## Task instructions
In the entries that follow, the line with "Volkswagen Golf 1.4" opens the range and the line with "Titanic Hotel &" closes it; repeat that range exactly, both lines included.

[Short text fragments from websites]

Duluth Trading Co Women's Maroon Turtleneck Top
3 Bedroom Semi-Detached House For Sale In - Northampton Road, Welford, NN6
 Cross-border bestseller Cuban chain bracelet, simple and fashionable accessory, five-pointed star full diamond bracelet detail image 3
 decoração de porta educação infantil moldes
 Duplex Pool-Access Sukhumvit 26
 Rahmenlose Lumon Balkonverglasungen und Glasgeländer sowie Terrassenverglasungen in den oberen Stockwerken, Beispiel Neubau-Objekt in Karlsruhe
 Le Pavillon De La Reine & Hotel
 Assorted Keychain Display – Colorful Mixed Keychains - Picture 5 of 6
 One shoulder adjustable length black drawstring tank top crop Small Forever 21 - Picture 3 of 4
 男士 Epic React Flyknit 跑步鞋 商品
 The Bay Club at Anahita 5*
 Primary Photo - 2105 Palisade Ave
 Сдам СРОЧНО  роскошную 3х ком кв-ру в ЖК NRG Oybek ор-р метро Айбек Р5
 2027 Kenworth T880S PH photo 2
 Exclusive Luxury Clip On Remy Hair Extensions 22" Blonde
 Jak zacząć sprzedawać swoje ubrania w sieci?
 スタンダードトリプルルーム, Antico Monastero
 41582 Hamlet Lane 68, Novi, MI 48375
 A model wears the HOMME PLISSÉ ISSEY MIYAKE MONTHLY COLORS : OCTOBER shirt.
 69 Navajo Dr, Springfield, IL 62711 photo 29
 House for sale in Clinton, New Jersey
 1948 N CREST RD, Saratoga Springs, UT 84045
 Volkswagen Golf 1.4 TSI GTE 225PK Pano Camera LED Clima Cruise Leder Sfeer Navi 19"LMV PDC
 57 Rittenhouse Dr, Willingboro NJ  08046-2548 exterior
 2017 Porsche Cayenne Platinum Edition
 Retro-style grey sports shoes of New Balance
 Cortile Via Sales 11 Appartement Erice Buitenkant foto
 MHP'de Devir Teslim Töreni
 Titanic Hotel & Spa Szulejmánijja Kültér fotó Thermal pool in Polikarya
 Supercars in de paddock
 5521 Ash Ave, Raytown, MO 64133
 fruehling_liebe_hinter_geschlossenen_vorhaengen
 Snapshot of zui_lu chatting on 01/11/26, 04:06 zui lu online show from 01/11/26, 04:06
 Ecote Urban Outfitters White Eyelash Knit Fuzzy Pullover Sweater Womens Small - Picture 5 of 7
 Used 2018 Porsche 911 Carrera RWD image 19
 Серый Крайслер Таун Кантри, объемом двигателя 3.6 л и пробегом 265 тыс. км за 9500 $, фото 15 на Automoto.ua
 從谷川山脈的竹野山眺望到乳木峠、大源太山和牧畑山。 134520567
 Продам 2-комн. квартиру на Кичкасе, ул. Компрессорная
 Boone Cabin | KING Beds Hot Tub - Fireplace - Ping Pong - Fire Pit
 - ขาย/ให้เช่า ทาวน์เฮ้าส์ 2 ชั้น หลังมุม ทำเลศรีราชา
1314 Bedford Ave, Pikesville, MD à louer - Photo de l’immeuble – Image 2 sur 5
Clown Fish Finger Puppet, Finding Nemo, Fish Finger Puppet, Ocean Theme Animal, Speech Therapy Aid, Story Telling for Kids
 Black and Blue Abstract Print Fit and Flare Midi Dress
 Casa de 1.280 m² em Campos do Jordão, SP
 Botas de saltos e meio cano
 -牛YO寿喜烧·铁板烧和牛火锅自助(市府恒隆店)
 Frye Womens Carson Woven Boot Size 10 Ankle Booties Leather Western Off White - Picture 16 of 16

## Exercise result
 Volkswagen Golf 1.4 TSI GTE 225PK Pano Camera LED Clima Cruise Leder Sfeer Navi 19"LMV PDC
 57 Rittenhouse Dr, Willingboro NJ  08046-2548 exterior
 2017 Porsche Cayenne Platinum Edition
 Retro-style grey sports shoes of New Balance
 Cortile Via Sales 11 Appartement Erice Buitenkant foto
 MHP'de Devir Teslim Töreni
 Titanic Hotel & Spa Szulejmánijja Kültér fotó Thermal pool in Polikarya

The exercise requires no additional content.